The feeling is mutual, however. Like him, she can never get enough.

He stood, naked, and she sat on her feet before him, lustful and reverent. She rose to her knees, took a handful of his hard cock and
rubbed her face against him.

Mmm... you again,” she said, and slid her tongue up the hot rippled belly. She filled her mouth with him, let his heat glide through her body. Coiling his fingers into her hair he pulled, driving himself all the way home. She gagged on his length and he hissed the way guys do.

Opal pulled on his arms, dragging him back to the couch. She ran the round length of her body up over his shaft until they were face to face, hip to hip, cock to cunt. It just kept happening.

She was in free-fall as she glided herself down over his thick cock. For a second she closed her eyes and just sat in his lap, her body still and sober but her nerves squirming like eels. She rode the sweet burn inside and put her hands behind her head, wordlessly giving her breasts over to him. He rolled them, pounded them like bread dough, tasted their every pore and molecule as she stroked him with her hips.

With a cruel bite of her nipple he sent her mind flying through the roof of her skull.

Bastard. Gonna. Come. Again.” If only he’d... “Fuck!” If just that one time he’d spoil it. Maybe she could walk away from him.

The erotic tension builds to an unbearable level as Opal and Luther struggle to spend three days and nights together without succumbing to their lust. The story’s ending—I hesitate to call it a resolution—is wonderfully ambiguous.

I have nothing against love and happily ever afters. However, I celebrate when I discover a book that moves off the well-worn track of romance to explore other avenues of desire.
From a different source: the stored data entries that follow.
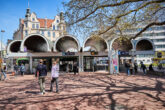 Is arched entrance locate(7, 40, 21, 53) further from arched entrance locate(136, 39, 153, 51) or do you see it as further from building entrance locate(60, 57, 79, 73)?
arched entrance locate(136, 39, 153, 51)

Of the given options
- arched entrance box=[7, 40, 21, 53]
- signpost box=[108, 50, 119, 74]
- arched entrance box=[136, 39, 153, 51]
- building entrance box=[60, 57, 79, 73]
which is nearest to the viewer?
signpost box=[108, 50, 119, 74]

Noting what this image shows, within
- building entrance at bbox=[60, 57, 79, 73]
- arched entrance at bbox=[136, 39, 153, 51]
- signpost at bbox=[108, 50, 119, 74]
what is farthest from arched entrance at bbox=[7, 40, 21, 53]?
arched entrance at bbox=[136, 39, 153, 51]

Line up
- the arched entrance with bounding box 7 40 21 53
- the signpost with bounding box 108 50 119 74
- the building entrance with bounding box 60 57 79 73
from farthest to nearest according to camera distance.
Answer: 1. the building entrance with bounding box 60 57 79 73
2. the arched entrance with bounding box 7 40 21 53
3. the signpost with bounding box 108 50 119 74

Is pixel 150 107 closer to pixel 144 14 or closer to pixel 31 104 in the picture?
pixel 31 104

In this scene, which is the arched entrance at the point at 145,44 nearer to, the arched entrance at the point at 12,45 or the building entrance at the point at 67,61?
the building entrance at the point at 67,61

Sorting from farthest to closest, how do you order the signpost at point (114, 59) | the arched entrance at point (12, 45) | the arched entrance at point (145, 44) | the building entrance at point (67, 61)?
1. the building entrance at point (67, 61)
2. the arched entrance at point (145, 44)
3. the arched entrance at point (12, 45)
4. the signpost at point (114, 59)

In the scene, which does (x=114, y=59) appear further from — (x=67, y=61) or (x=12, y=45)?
(x=12, y=45)

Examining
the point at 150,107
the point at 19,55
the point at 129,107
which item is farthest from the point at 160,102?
the point at 19,55

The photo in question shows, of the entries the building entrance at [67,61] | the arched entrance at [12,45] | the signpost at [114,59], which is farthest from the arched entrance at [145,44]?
the arched entrance at [12,45]

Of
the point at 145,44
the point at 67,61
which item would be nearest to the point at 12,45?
the point at 67,61

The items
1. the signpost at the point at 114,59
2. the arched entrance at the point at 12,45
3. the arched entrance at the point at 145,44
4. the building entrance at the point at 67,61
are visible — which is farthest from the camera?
the building entrance at the point at 67,61

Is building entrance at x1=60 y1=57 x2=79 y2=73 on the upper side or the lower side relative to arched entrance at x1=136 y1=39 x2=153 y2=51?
lower

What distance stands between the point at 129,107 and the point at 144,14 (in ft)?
25.3

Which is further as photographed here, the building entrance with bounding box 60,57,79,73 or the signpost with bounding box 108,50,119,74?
the building entrance with bounding box 60,57,79,73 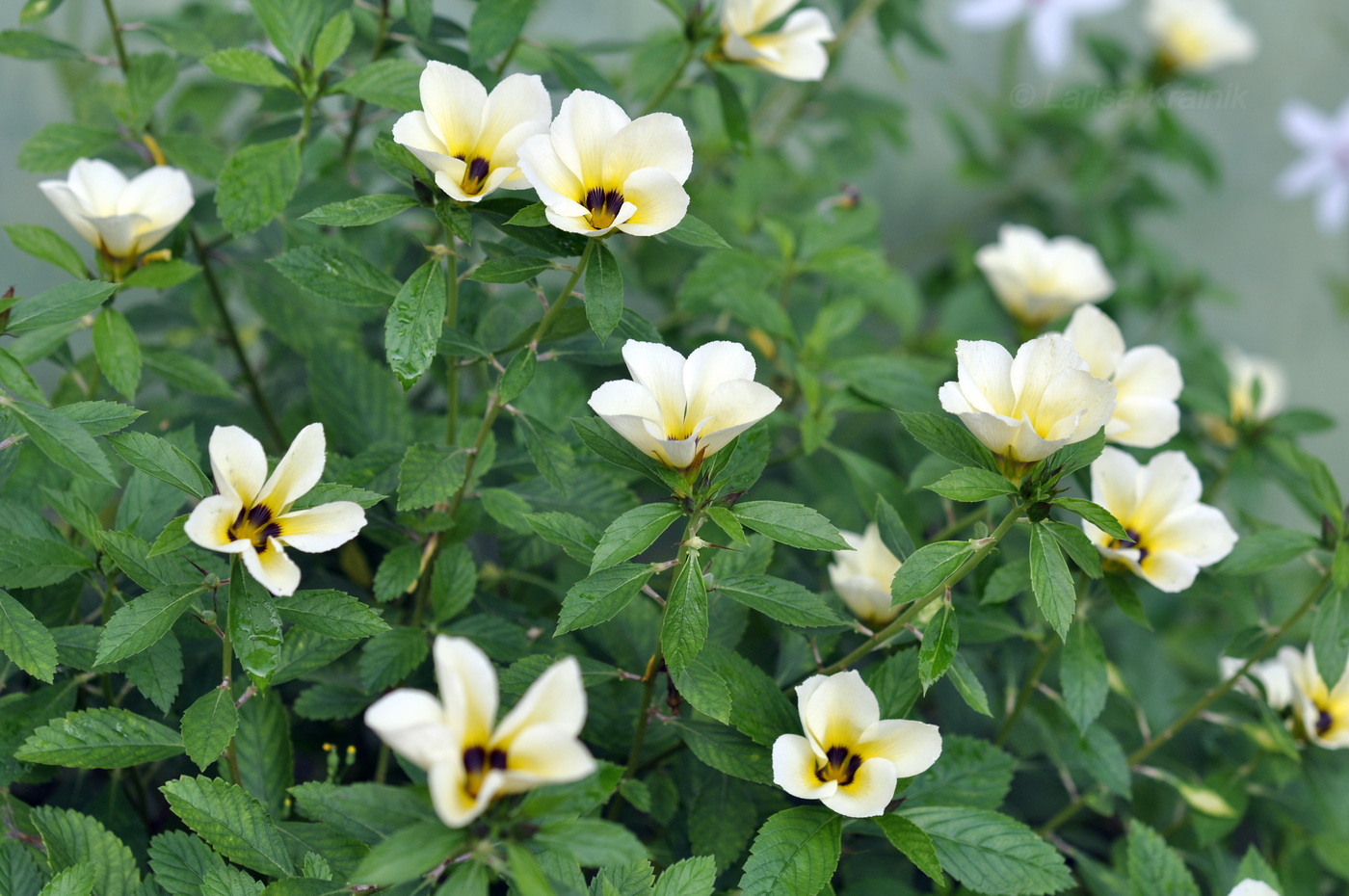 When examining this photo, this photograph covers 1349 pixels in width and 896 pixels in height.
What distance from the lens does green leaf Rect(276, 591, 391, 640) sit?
539mm

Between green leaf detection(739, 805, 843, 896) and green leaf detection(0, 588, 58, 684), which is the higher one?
green leaf detection(0, 588, 58, 684)

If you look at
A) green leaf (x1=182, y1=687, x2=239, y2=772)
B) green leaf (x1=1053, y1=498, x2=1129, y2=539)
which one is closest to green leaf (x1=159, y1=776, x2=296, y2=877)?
green leaf (x1=182, y1=687, x2=239, y2=772)

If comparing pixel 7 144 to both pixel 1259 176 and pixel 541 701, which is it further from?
pixel 1259 176

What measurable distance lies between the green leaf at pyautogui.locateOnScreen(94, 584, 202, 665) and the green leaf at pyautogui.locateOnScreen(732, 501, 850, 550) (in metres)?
0.28

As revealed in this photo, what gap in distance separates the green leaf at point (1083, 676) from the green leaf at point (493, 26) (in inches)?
20.8

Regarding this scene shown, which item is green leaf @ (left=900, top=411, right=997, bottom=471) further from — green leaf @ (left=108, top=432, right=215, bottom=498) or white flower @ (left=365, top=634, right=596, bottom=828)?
green leaf @ (left=108, top=432, right=215, bottom=498)

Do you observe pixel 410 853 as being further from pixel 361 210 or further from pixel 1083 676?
pixel 1083 676

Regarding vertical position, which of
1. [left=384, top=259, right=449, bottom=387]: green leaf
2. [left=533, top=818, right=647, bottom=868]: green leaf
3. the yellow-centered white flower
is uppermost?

The Last Three Days is that sort of book.

2 comments:

Willsin Rowe said...

Lisabet, thank you so much for this review, and not just for its positive nature. I feel heartened that even the unspoken parts of the relationship came through in the reading. It's heart-warming when a reader (and reviewer) truly gets it!

Lisabet Sarai said...

You're very welcome. You did a great job conveying those unspoken aspects.